The Bluetooth connection to the phone seemed to be the watch's main activity: It was continually connecting and disconnecting even when the phone was in my pocket, less than an arm's length away from the watch. And the Sony designers, bless them, thought that it was important to tell me every time the watch connected or lost the connection. As a result my wrist was always being vibrated. A single powerful vibration, whether for connecting or losing the connection.  First of all, why did I need to know? Second, if I really needed to know, wouldn't it have been better to signify whether the connection was being made or broken instead of using the same signal for both?

Stupid smart automation

This kind of stupidity, especially the lack of communication, is common with smart automation. In commercial aviation, the smart automated systems are also stupid. I've studied several incidents in aviation where the lack of communication to the pilot was deadly. Literally.  Something goes wrong with the airplane, but the intelligent, automatic systems compensate. No need to bother the pilots.  But the wrong thing gets worse and worse until the automation reaches the limit of its compensatory abilities. "OK, I give up," it says, and lets the plane start to crash.

"Huh" say the pilots, scrambling to figure out what happened and what they should do about it.  (Usually they succeed because when a plane is 30-40,000 feet up in the air (9-12 KM), there is quite a bit of time - minutes. Moreover, commercial airline pilots are extremely well-trained.

Automation has now entered the automobile. Alas, the automobile industry refuses to learn the lessons from aviation automation. The automobile engineers believe that they have solved the problems: cars will drive by themselves without any incidents. Humans will monitor the driving and if there ever is a problem, they will simply take over. In fact, the requirement for people always to monitor the self-driving automobiles is now incorporated into the law in some locations.

How silly. The notion that we can have automated or semi-automated cars as long as the driver is watching over them is a dangerous myth.  As soon as the car can maintain its speed and keep a safe distance from car's in front automatically (already true with adaptive cruise control) and maintain its position in the lane properly (already true with lane-keeping systems), drivers will take the opportunity to find their favorite music, to turn to the rear passengers and converse, to read their email, etc.   It is a myth that people can maintain control when they have nothing to do for a long period.  This myth is well understood in the military and in commercial aviation: it has been studied for well-over 50 years in the field of vigilance (a part of psychology and human factors research).

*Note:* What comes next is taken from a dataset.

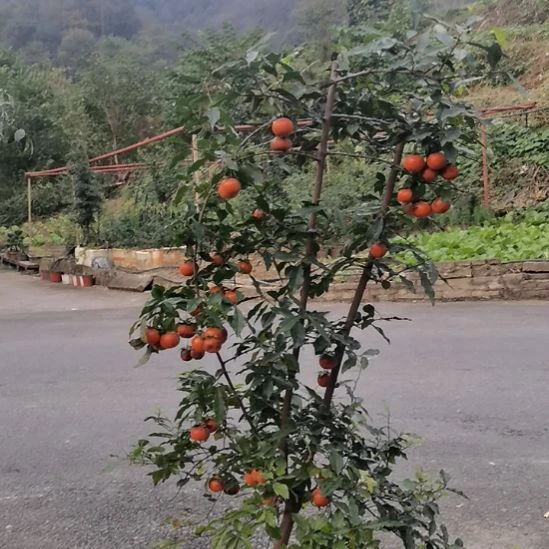 直播间专用链接，一物一拍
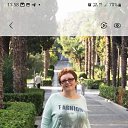 ���� ������, �����, 60 ��� - ��������� 25 ������� 2024 � ������ ���� ����������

In the airplane, the pilots are not attending, but when trouble does arise, the extremely well-trained pilots have several minutes to respond.  In the automobile, when trouble arises, the ill-trained drivers will have one or two seconds to respond. Automobile designers - and law makers - have ignored this information.

It is time to for the designers and engineers of this coming automated world and take heed from the lessons learned over the years in the field of Human-Systems Integration, in studies of automation. Lots of excellent scientists working in the research labs of automobile companies know all this. Product people are notorious about ignoring the wisdom of research groups in their same company.  We now have very smart devices, stupidly done. I fear the consequences will be a lot worse than waking people up at 4:30 in the morning.  Pay attention, engineers: pay attention, designers. Pay attention or people will be killed.